As can be seen in Table 3, the proposed method obtains the best recognition rate for the line target. However, the recognition rate of the point target is not satisfactory.

After the underwater target sample set is expanded by the IGAN-UW, neural network training is conducted again, and the results of the different samples obtained are shown in Table 4. At the same time, the MLP model is added for comparison. Some information can be obtained from the table. First, after data enhancement, the proposed method obtains 4% and 35.5% improvements in the recognition rates of the body target and point target, respectively. Although the recognition rate of line targets does not improve, the overall average recognition rate improves by 13.4%. Second, it can be clearly seen that the proposed model obtains a nearly 1.58-times improvement in the point target recognition rate after data enhancement.

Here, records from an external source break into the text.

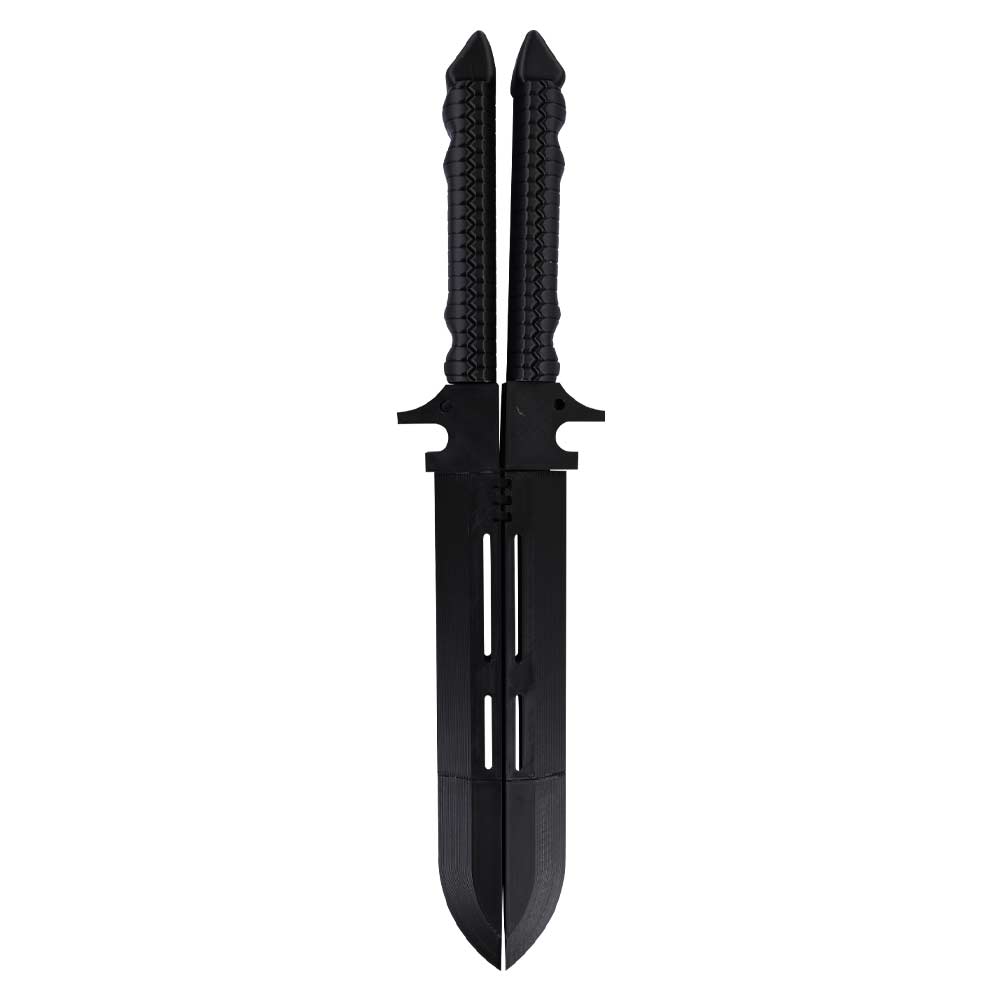 Anime Kaiju Cosplay Nr. 8 Sosh – Cosplay Prop Knife Bewertung und Preis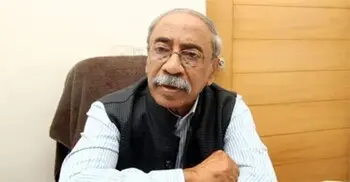 কারাগারে ডিভিশন চান শাহরিয়ার কবির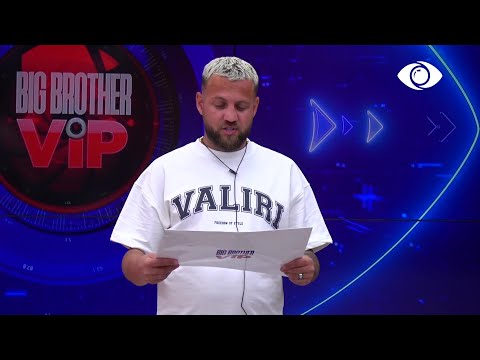 Zarf/ Dhurata për finalistët - Big Brother Vip 2
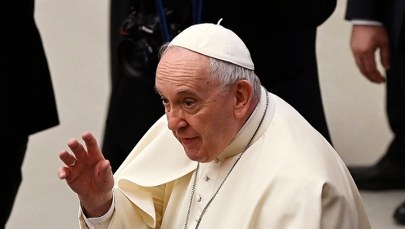 Papież spotka się z patriarchą Cyrylem? Zdecydowane stanowisko ambasadora Ukrainy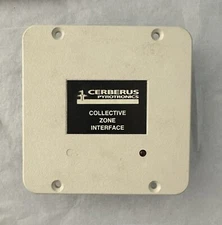 Cerberus Pyrotronics CZI-H2S Collective Zone Interface for IXL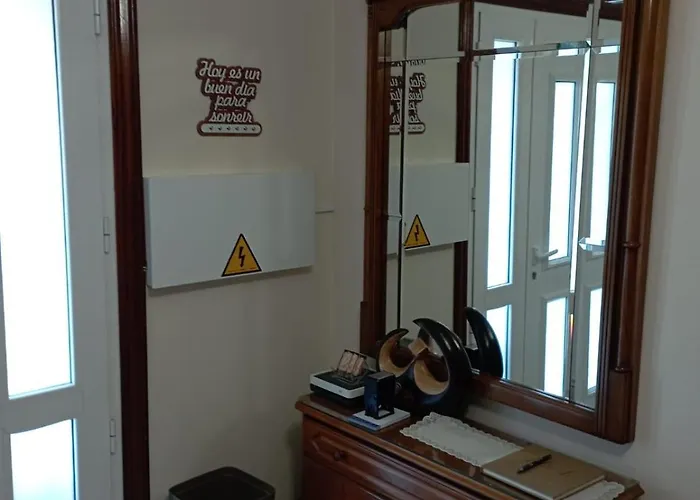 A Casa Do San Paio De Buscas Ordes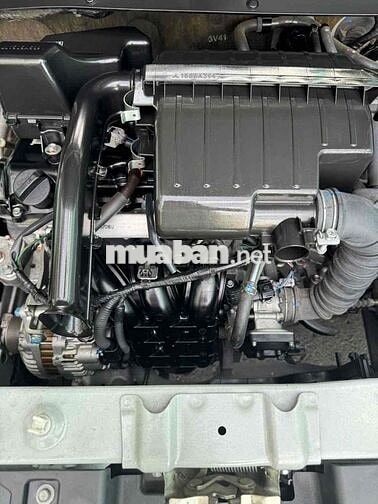 Mitsubishi Attrage 2025 MT 19000 km Trắng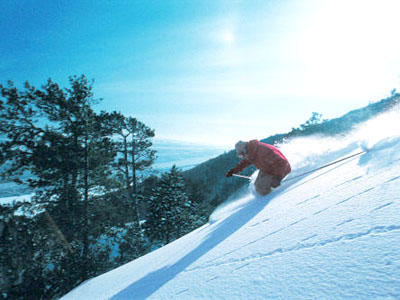 Le Massif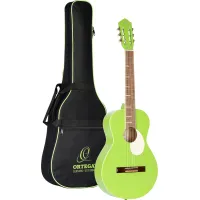 Ortega RGA-GAP klasszikus gitár 4/4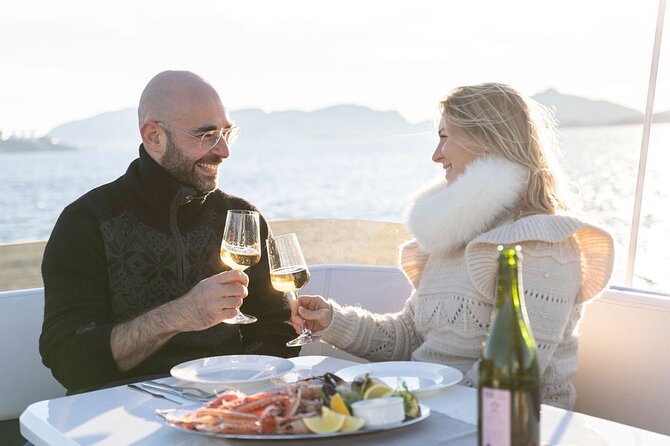 Private evening or afternoon cruise in Bergen - Key points before you book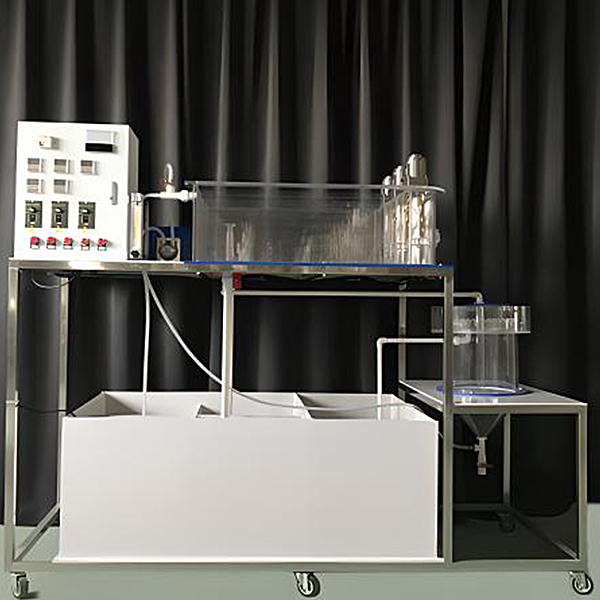 A2/O除磷脱氮工艺教具,A2/O工艺综合实训装置 A2/O除磷脱氮工艺教具,A2/O工艺综合实训装置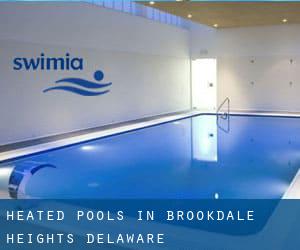 Heated Pools in Brookdale Heights (Delaware)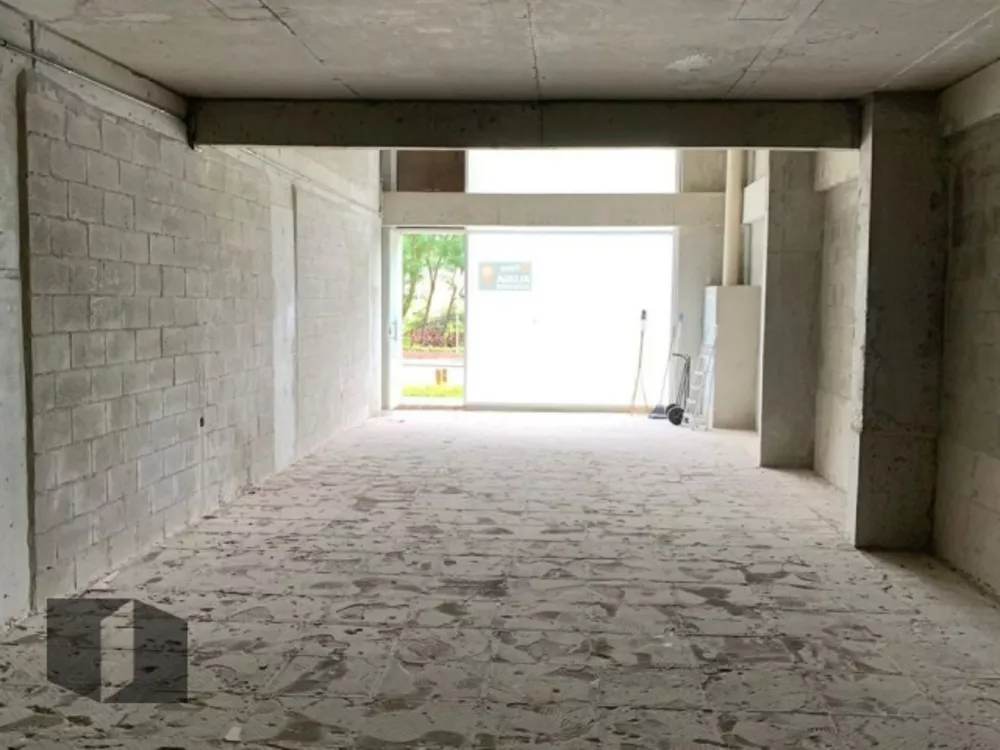 Loja-Salão, 121 m² - Foto 9
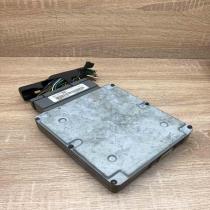 2S4A 12A650 MB 0.91 MAK1 Engine control unit/module ECU Ford Focus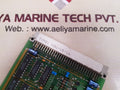 Kongsberg autronica kdu-1b/16 communication board 7252-009.0005
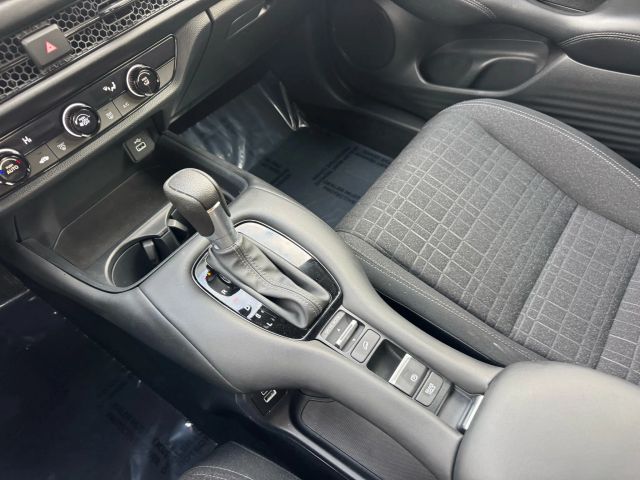 2023 Honda HR-V LX Image 46 of 58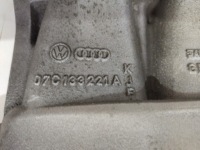 фото thumb №11, 07c133221a колектор впускний  w12 6.0l audi a8 d3 2003-2007r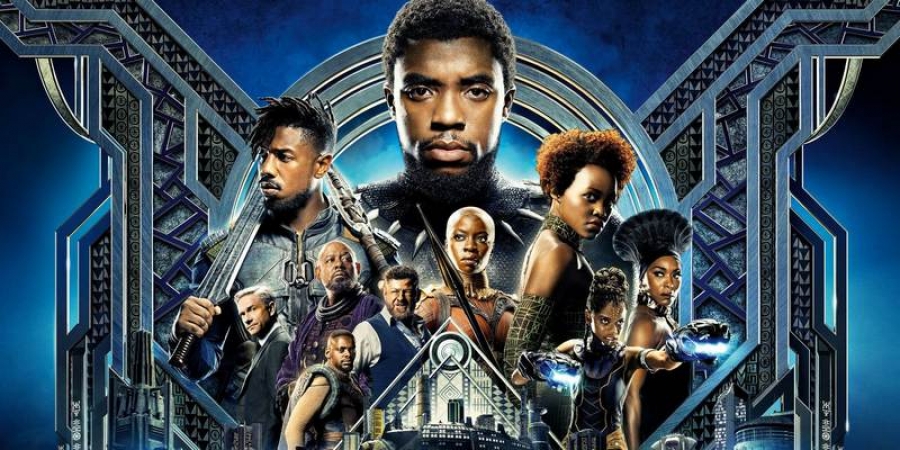 Filmul "Black Panther", marele câştigător la gala Sindicatului actorilor americani 2019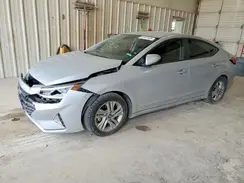 KMHD84LF3KU850990 2019 HYUNDAI ELANTRA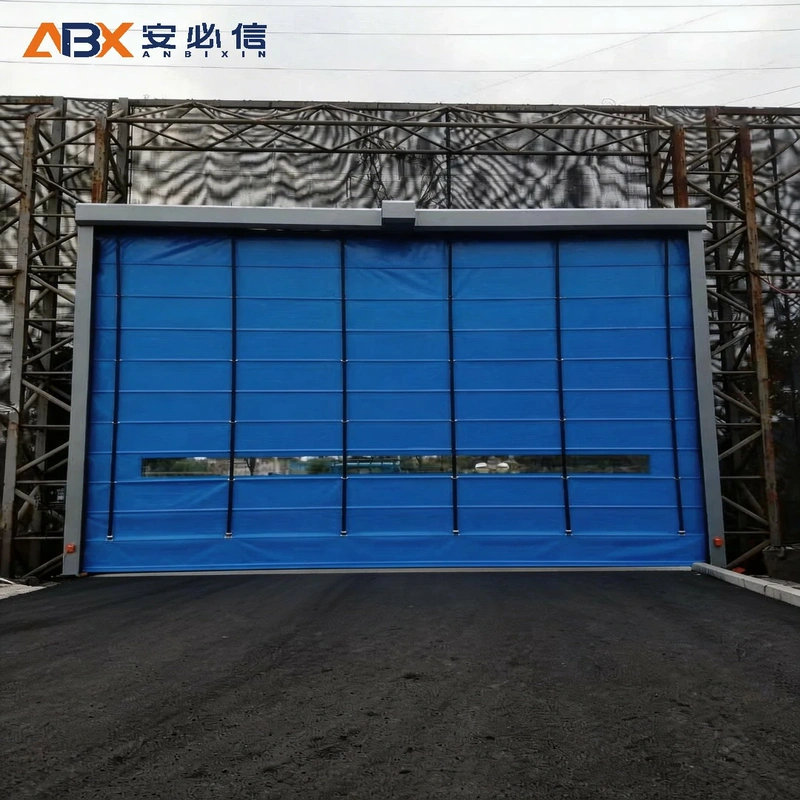 亳州市堆积门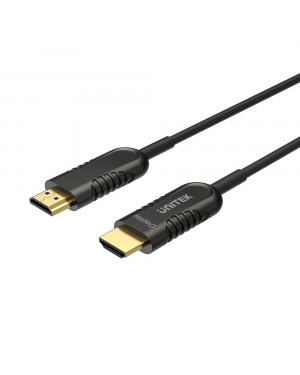 Unitek Ultrapro HDMI 2.0 Active Optical Cable 30M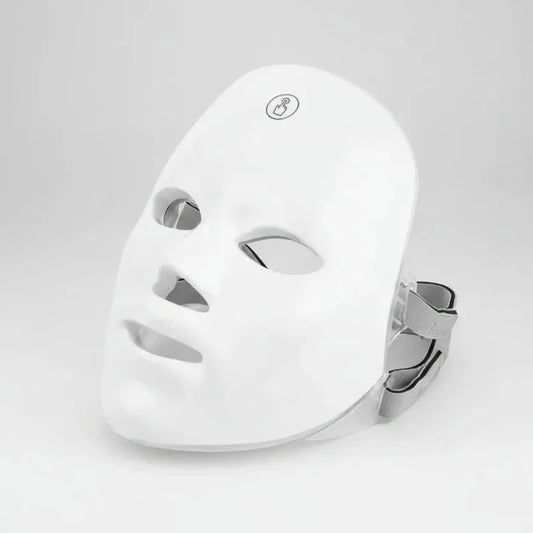 Máscara Facial de LED | Melhore sua pele - imagem 1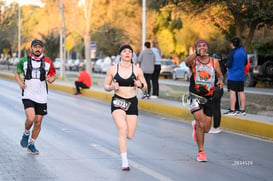 21K y 5K El Siglo de Torreón 2025 @tar.mx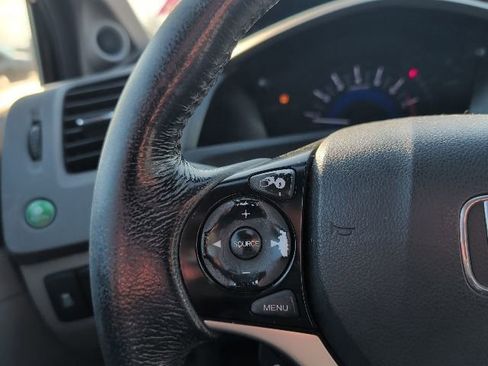 Used 2012 Honda Civic EX-L image 5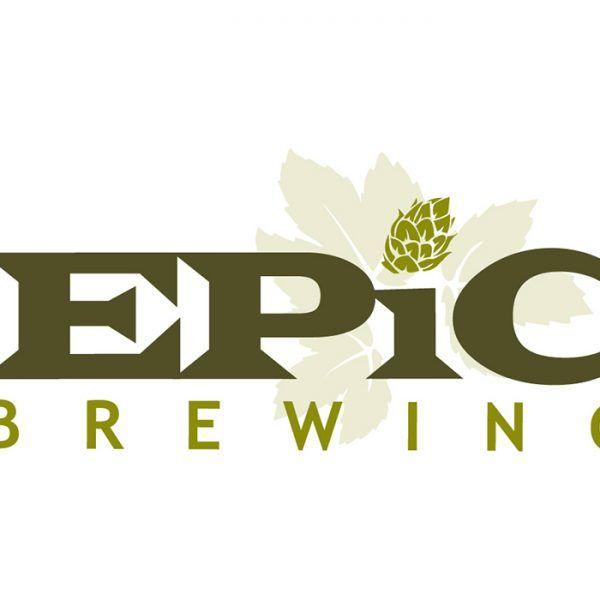 Epic Brand Logo - Epic Brewing Buys Telegraph Brewing Company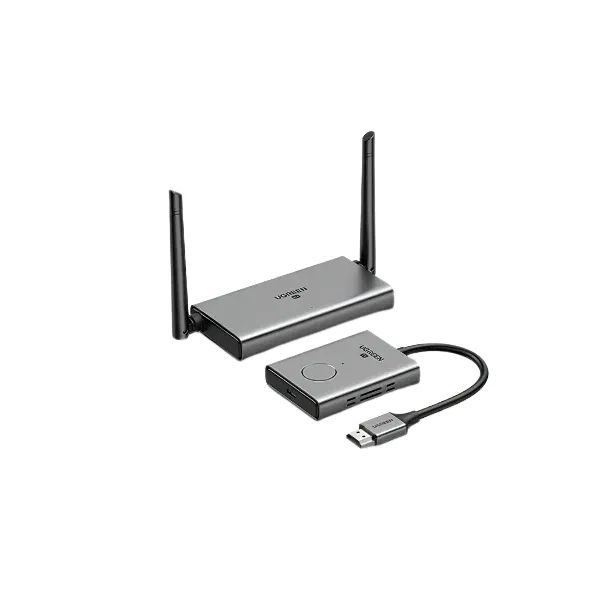 Ugreen 50633A Wireless HDMI Extender 50M — photo 2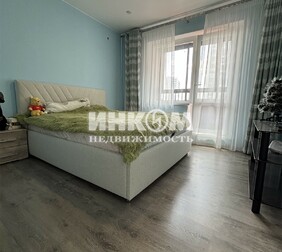 1-комн. квартира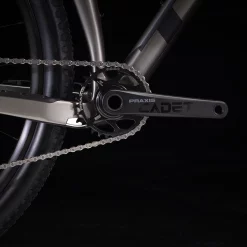 Trek Procaliber 9.5 XXL Mercury - WERKSTATT17 Bikeshop -Fahrradladen Procaliber95 23 33258 A Alt3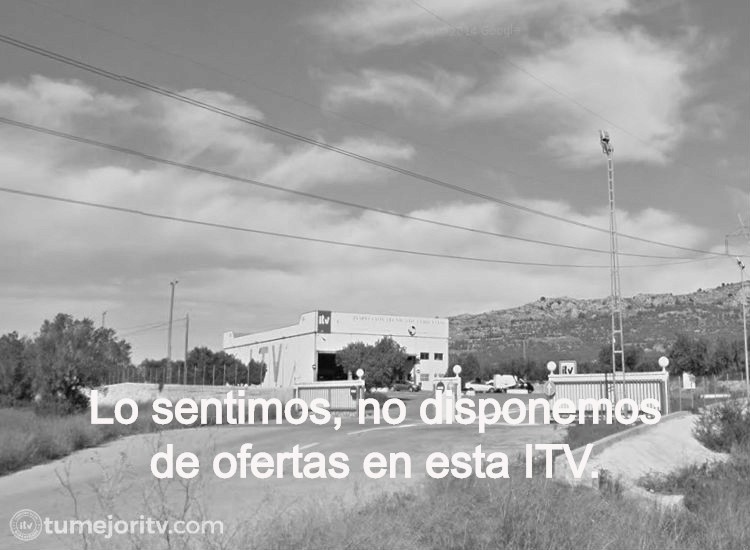 ITV VILLENA ITV VILLENA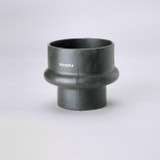 P136494 Donaldson Reducer hump, rubber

Finally, as a comparison, the MLP-based approach also obtains a good improvement in the target recognition rate after data enhancement; however, the proposed model consistently maintains better performance, both before and after the enhancement. The results show that the enhanced data of the IGAN-UW model can largely solve the problem of insufficient underwater target sample sizes by expanding the existing data set and effectively improving the underwater target identification ability of the model.

4.4. Discussion

One of the trendiest issues in contemporary computational intelligence research is underwater target recognition. Here, the processed target echo signal is used as the actual signal for the echo signal generation experiment in order to verify the efficacy of the target echo signal generating model proposed in this study. As shown in the experiments, the quantity of network training cycles has an impact on the output signal’s quality. Inadequate rounds lead to under-fitting. The generated signal becomes identical to that of the pool test signal if there are too many rounds, which causes over-fitting and renders the created signal meaningless. In the recognition experiments, for the CNN model with a one-dimensional time series, a BN layer is added following each convolution layer to quicken the model’s convergence. The results demonstrate that the IGAN-UW model’s enhanced data may significantly reduce the issues caused by small underwater target sample sizes by enlarging the existing data set and significantly increasing the model’s capability to identify underwater targets.

5. Conclusions

To address the issue of insufficient underwater target echo signal data and high acquisition costs, this paper proposes a method for enhancing underwater high-speed vehicle echo signal data using a generative countermeasure network under small-sample-size conditions. Combined with the echo signal’s characteristics, an IGAN-UW model based on convolutional units is designed and constructed. Finally, the generated signal’s validity is verified at the signal waveform and amplitude probability distribution levels. The experimental results demonstrate that the proposed model can effectively generate highly realistic echo signals, even with small sample sizes, which introduces a novel concept for underwater target detection and recognition. The IGAN-UW network proposed in this paper is based on underwater echo signals with small sample sizes, and the generated data lacks classification information. The expanded underwater target echo data set based on the IGAN-UW model uses a CNN model for target recognition and classification, which effectively improves the underwater target recognition effect and provides a new method for underwater target recognition.

Author Contributions

Conceptualization, Z.W.; Data curation, C.W.; Formal analysis, J.D.; Investigation, Y.Y.; Methodology, L.L.; Resources, K.Z.; Software, J.Z. All authors have read and agreed to the published version of the manuscript.

Funding

This work was supported by the Natural Science Basic Research Plan in Shaanxi Province of China [grant number 2022JQ-671] and the 68th Batch of China Postdoctoral Foundation [grant number 2020M683597].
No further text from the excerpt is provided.